◆ **WHAT IS BEING ASKED**: The answer should hold every line of the listing, unchanged and free of images.

◆ **THE DATA**:
───
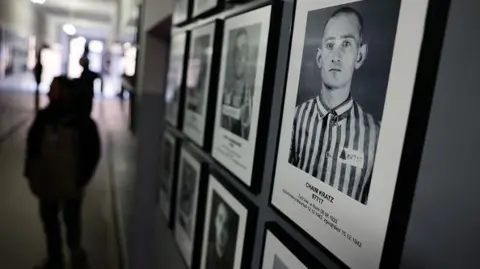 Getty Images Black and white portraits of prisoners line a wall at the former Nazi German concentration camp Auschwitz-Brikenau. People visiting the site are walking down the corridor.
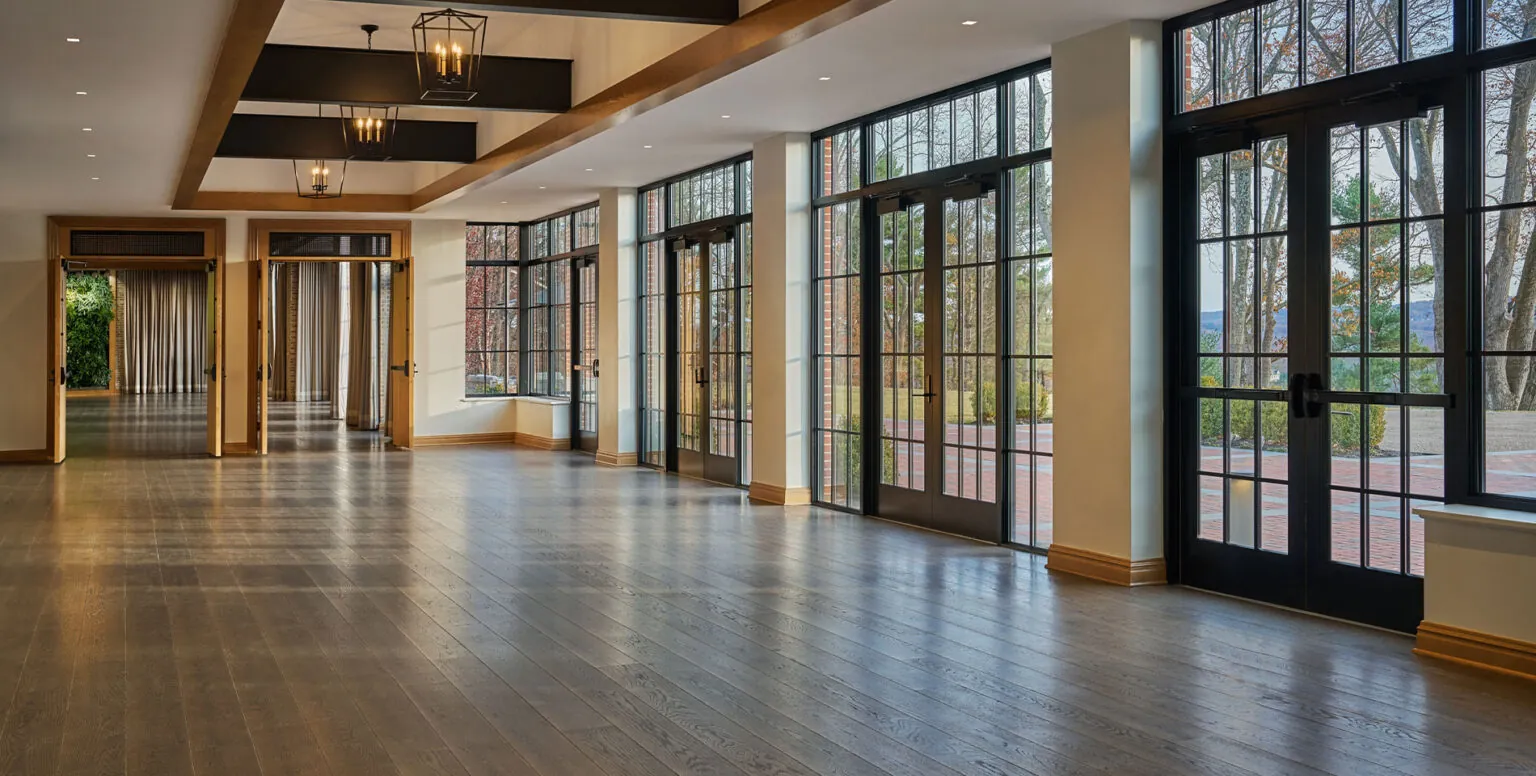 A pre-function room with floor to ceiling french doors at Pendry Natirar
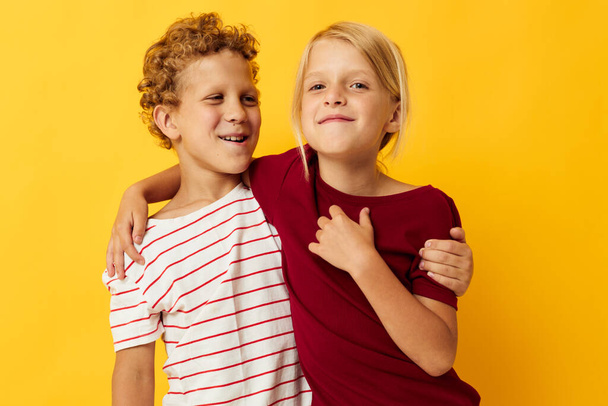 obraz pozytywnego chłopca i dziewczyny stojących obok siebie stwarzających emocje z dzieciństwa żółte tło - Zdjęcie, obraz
───
◆ **TASK ANSWER**:
 Getty Images Black and white portraits of prisoners line a wall at the former Nazi German concentration camp Auschwitz-Brikenau. People visiting the site are walking down the corridor.
 A pre-function room with floor to ceiling french doors at Pendry Natirar
 obraz pozytywnego chłopca i dziewczyny stojących obok siebie stwarzających emocje z dzieciństwa żółte tło - Zdjęcie, obraz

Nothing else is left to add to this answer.